2. Description of the Prior Art

Rotary electric shavers rely primarily upon the rotation of circular cutting elements within the shaver heads and hand movements of the entire shaver across the surface of facial skin in order to maximize the volume of hair shaved and how closely the hair is shaved. The prior improvements disclosed for rotary electric shavers with a plurality of cutting heads have concentrated on more effective designs and shapes for the cutting head elements, their flexibility and comformity to the skin surface and the configurations of the gear chains that drive these improvements. Izumi U.S. Pat. No. 5,983,501 discloses multiple planetary gear chain assemblies that are stacked within a cylindrical housing and around multiple drive axes for the purpose of driving both an inner set of high speed cutting heads and a surrounding outer set of low speed cutting heads all of which are supported within a stationary cutting head frame. Izumi U.S. Pat. No. 6,212,776 discloses an improved version of the rotary shaver that rotates the inner and outer cutting elements within each cutting head at different speeds by means of multiple drive shafts and gears that mesh with external gear teeth on the underside of each outer cutting element and wherein all cutting heads are contained and supported within a stationary head frame. Kakimoto U.S. Pat. No. 6,317,983 discloses another version of a rotary electric shaver having inner and outer cutting elements that rotate with respect to each other within cutting heads that are contained and supported within a stationary head frame. None of the past rotary shaver improvements have disclosed a concept and means for combining planetary and rotational movement of a plurality of rotary cutting heads driven by a central drive shaft of a single electric motor.

SUMMARY OF THE INVENTION

The present invention arose as a result of an absence in prior art of a simple solution to some of the problems associated with the use of the rotary electric shavers that are now widely marketed. The major problems are that rotary electric shavers require an excessive amount of time and an excessive amount of physical effort to achieve a close shave. The present invention eliminates these problems by substantially increasing the volume of hairs cut and the area of skin shaved by the cutting heads.

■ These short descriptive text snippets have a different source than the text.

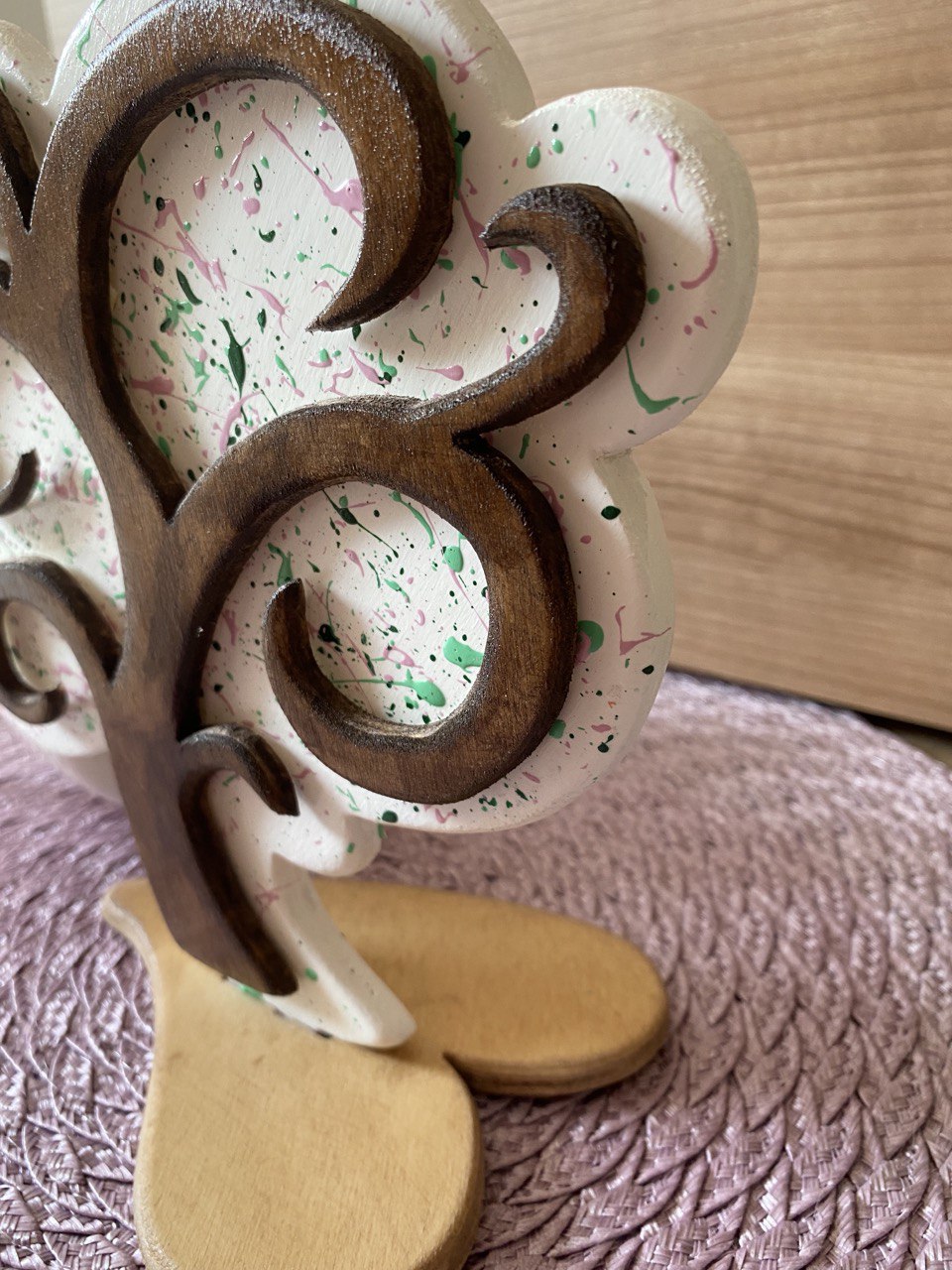 LIFE TREE (versione Follia) - my heart wood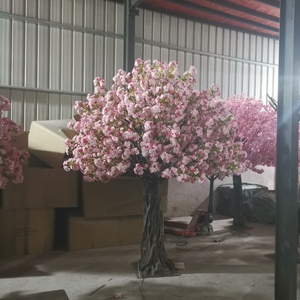 Mới Nhất Sakura Nhật Bản Lớn Cây Cưới Giả Đẹp Màu Hồng Nhân Tạo Hoa Anh Đào Cây Cho Tổ Chức Sự Kiện Và Cửa Hàng Trang Trí - Product Image 6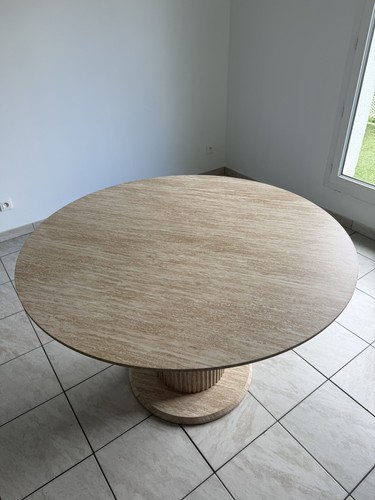 Table chez homeluxury - table,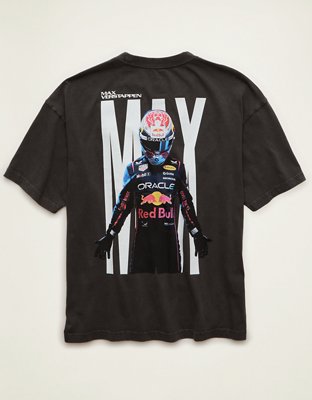 Oracle Red Bull Racing x AE Boxy Fit Graphic T-Shirt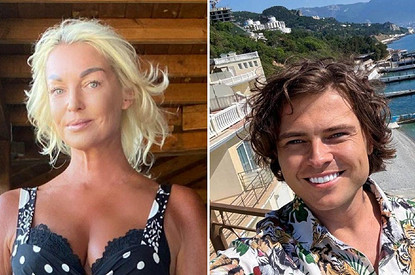 Лучше меня у него никогда женщины не было: Анастасия Волочкова отреагировала на женитьбу Прохора Шаляпина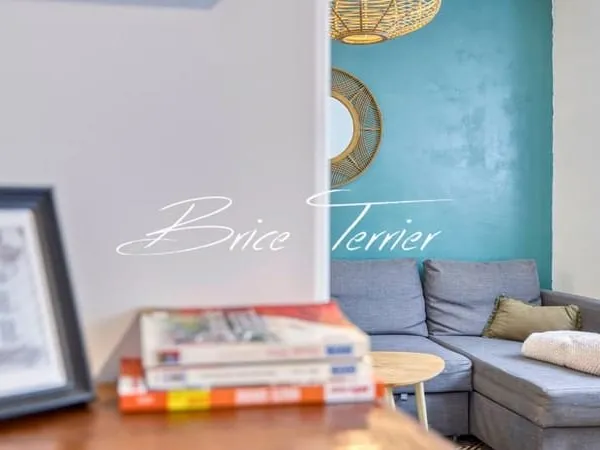 Appartement T2 de 43,4m2 à Thônes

The factors determining the time and effort required for shaving with a rotary electric shavers are the circular movements of the cutting elements within the cutting heads and the movement of these cutting heads across the facial skin. In the present invention, a motorized sweeping motion of all the cutting heads across the facial skin is substituted for the user's slow, erratic hand movements of the entire shaver and the cutting heads. This is accomplished by rotating the cutting head frame within the body of the shaver. The planetary motion of the cutting heads eliminates the slow, circular movement of the shaver by hand as recommended by all manufacturers of rotary electric shavers.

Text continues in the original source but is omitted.